Accident information comparisons

 

Safety and accident related information is available at the websites of airlines, but you will find more of it if you use Google. There were also a couple of interesting peculiarities in the data, where it seems possible that the airline was hiding information. See also Part 1, this post is part of our “Is aviation safety a shameful thing?” project.

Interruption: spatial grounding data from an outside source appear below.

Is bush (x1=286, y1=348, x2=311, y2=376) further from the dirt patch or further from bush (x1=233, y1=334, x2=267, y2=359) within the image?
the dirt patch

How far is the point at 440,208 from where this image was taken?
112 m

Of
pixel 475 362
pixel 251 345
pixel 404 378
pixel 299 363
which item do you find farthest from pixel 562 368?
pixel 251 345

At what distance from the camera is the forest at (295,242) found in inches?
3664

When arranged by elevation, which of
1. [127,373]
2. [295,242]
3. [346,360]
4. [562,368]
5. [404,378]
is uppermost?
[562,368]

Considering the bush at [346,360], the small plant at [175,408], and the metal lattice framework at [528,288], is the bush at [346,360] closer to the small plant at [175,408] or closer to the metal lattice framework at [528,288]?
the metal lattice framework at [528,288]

In this part two I will compare the number of safety/accident related links that were found by the airline’s own search to the number found by Google when it was limited to the website in question. Both link counts are also analyzed against against information about the airlines and their home countries. The intention is to find out how open airlines are with this information. Absolute numbers show how much information is available, relative numbers show how well it can be found with the search provided by the airline and might give a hint about how desirable it is to the airline to show that information. Comparison with other data might reveal factors that are common to airlines with high or low number of links.

I searched through 46 airlines. Figure 1 shows the raw link counts. The x-axis shows how many links were found and the y-axis shows the number of airlines that had that count. The large blue and orange bars at x=0 show that for many airlines the homepage was a poor choice for finding safety or accident info.

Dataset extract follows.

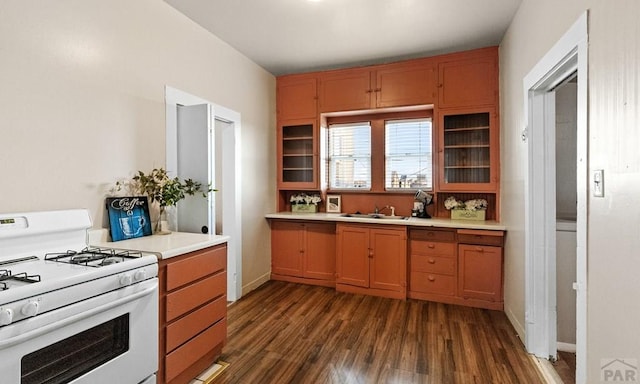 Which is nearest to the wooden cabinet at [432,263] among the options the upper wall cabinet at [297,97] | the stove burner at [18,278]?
the upper wall cabinet at [297,97]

On the other hand Google is able to find information (yellow and green bars) on both subjects and in some cases quite a lot of it. It should be noted that I only counted to 10, if there were more links I ignored them. This document of the raw data shows in more detail which links were accepted to this data set.

Links to anything that the passengers would find out during the trip, such as pre-flight safety announcements, were rejected. Another category that was not accepted were links to insurance terms and conditions.The reason being that I am interested in what “extra” information is available at the website.

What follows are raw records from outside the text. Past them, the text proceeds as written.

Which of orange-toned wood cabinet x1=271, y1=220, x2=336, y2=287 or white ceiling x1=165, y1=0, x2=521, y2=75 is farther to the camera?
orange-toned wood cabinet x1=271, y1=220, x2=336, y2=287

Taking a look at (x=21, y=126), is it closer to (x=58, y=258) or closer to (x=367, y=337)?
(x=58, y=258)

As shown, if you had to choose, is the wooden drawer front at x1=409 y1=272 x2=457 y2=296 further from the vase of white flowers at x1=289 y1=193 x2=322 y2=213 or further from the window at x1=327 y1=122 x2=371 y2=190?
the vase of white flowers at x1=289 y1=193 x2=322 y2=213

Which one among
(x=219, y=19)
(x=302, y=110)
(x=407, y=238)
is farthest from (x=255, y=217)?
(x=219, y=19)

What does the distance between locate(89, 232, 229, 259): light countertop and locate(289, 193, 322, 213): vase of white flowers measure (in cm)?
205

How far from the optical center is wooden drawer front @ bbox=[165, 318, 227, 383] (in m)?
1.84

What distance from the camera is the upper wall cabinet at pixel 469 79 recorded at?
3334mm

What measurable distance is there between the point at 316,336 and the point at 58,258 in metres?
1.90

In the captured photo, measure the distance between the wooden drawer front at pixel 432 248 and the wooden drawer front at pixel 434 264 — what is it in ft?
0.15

Figure 1. Number of links found for both searches and words.

I’d like to be a little cautious when making conclusions based on this data, mainly due to the low number of airlines, but also due to the data gathering process. Namely it was done by me alone without much help. In my experience this leads to a less rigorous result than a group effort. But one thing seems to be pretty certain: Google is better in finding this information than the search functions on the airline web sites.

This is true even if those 12 airlines that didn’t have a search are removed from the zero column. For the whole set, when the number of links found for one airline by one search is summed; Google finds more links in 39 cases while in only two cases the homepage search returns more results (Qantas 5 vs. 4 and Czech Airlines 7 vs. 5)

At least one of the airlines uses Google to power their search (US Airways). This offers an interesting comparison: US Airways homepage search found 3 safety and 1 accident related link, while the general google search found 1 safety and 7 accident related links.

While I was not logged in to my Google account, it is possible that Google had picked up on the fact that the same computer had been intensely searching for accident info for several days and used this knowledge to show what was most interesting to me.

A more sinister explanation is that the results by the search provided at the homepage have been filtered not to include what I was looking for. Searching the US airways site with the site’s search for “1549” gives (18 March 2012 ) one result about a general chronology of the airline and tells that some results have been omitted. If one includes those, four more links to the same chronology are included. It is still possible that this is a result of some more general decision not to include parts of the web site in the site search, but I’d say there is a good possibility that this is intentional.

In the case of Kenya Airways, Google search gave two links to the accident of KQ 507 but when I followed those links they gave a 404 (i.e page not found). This could be due to several reasons and need not be intentional. The accident was mentioned in an annual report.

Table 1. Mean and median number of links found Google for different sub populations

 

Table 1 shows the mean and median number of links found by google for different sub populations. “Whole set” includes all the airlines, while “Google and Homepage” includes only those cases where both searches were available and “Google only” includes only the cases where there was no homepage search.

In all cases there are more links related to safety than to accidents, but the difference is not massive. Results for the word “Safety” show no definite differences between the populations. For “Accident” airlines with their own search show more info. This difference could be explained if the airlines with no homepage search had had fewer accidents, but in only 3 cases out of 12 I couldn’t find a fatal accident in the history of the airline. Four out of the 12 airlines without homepage search function are low cost airlines which might have less expansive websites and therefore less information. This result is similar to what Jakke saw in his analysis of airline homepages.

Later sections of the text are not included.